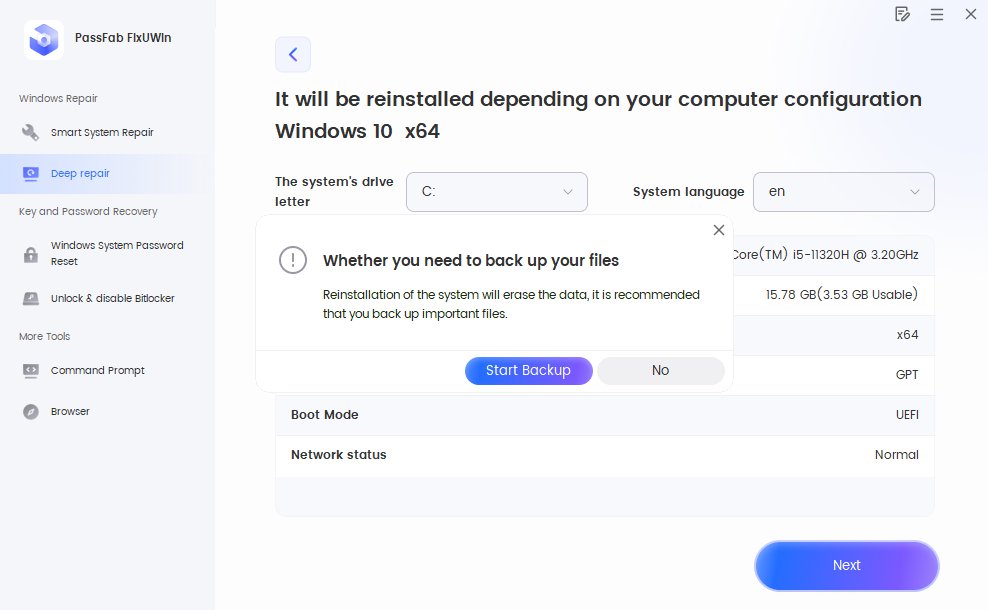 click next to reinstall system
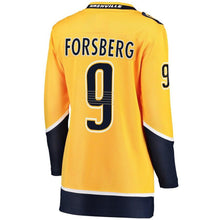 Load image into Gallery viewer, Filip Forsberg #9 Nashville Predators Women's Gold Breakaway Player Jersey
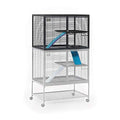 Critter Nation by MidWest Homes for Pets Add-On Unit, Small Animal Cage Extension for Rats, Chinchillas, Ferrets and Sugar Gliders, with Full-Width Doors, Ramps, Resting Shelf and Removable Base Pan - color: Black: 1/2 Inch Wire Spacing: Critter Nation, s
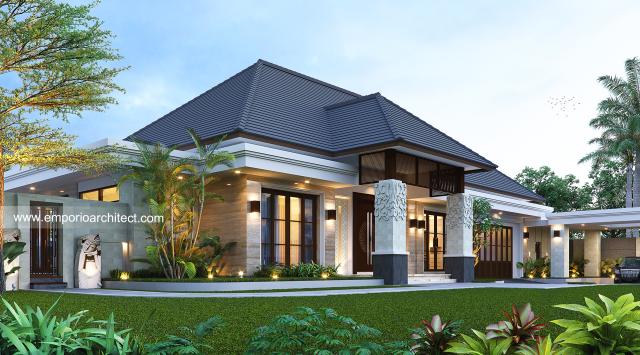 Gambar 2 Desain Rumah Villa Bali 1 Lantai Bapak BNY 1178 di  Gorontalo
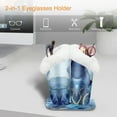 thumbnail image 3 of Fintie Plush Lined Double Eyeglasses Holder with Magnetic Base, Anti-scratch PU Leather Glasses Stand Case, Ocean Marble, 3 of 7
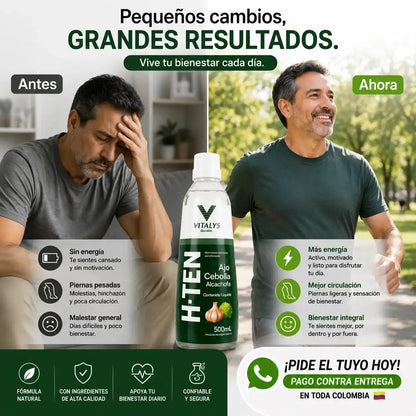 H-TEN La fórmula natural con ajo, cebolla y alcachofa que apoya tu bienestar cardiovascular, la circulación y tu rutina de cuidado diario.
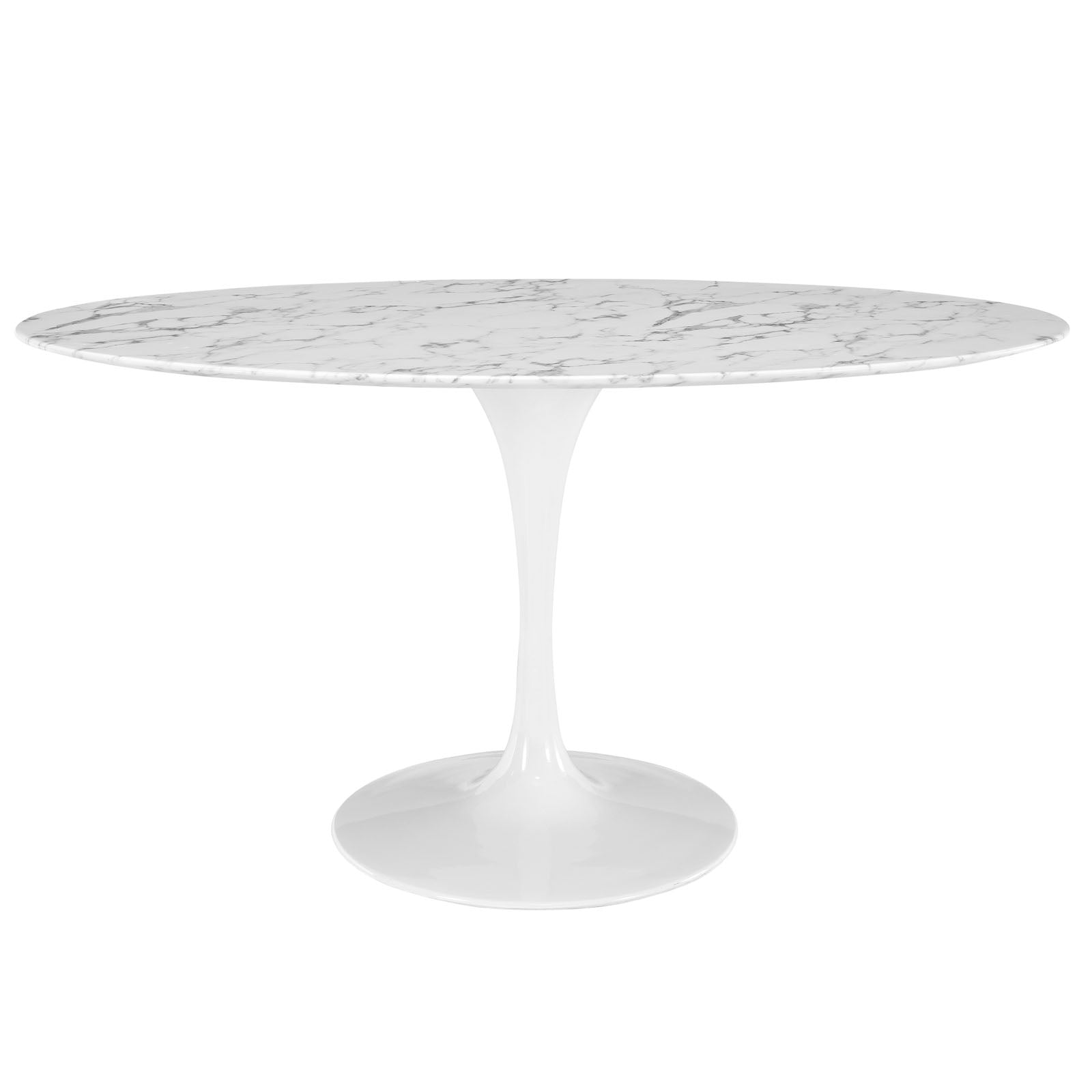 Modway Lippa 60" Oval Artificial Marble Dining Table in White | Dining Tables | Modishstore-2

════════════════

» EXERCISE REQUIREMENTS
Quote every record above exactly, leaving out the pictures.

» ANSWER AREA
 click next to reinstall system
 Load image into Gallery viewer, Filip Forsberg #9 Nashville Predators Women's Gold Breakaway Player Jersey
 Critter Nation by MidWest Homes for Pets Add-On Unit, Small Animal Cage Extension for Rats, Chinchillas, Ferrets and Sugar Gliders, with Full-Width Doors, Ramps, Resting Shelf and Removable Base Pan - color: Black: 1/2 Inch Wire Spacing: Critter Nation, s
 Gambar 2 Desain Rumah Villa Bali 1 Lantai Bapak BNY 1178 di  Gorontalo
 thumbnail image 3 of Fintie Plush Lined Double Eyeglasses Holder with Magnetic Base, Anti-scratch PU Leather Glasses Stand Case, Ocean Marble, 3 of 7
 H-TEN La fórmula natural con ajo, cebolla y alcachofa que apoya tu bienestar cardiovascular, la circulación y tu rutina de cuidado diario.
 Modway Lippa 60" Oval Artificial Marble Dining Table in White | Dining Tables | Modishstore-2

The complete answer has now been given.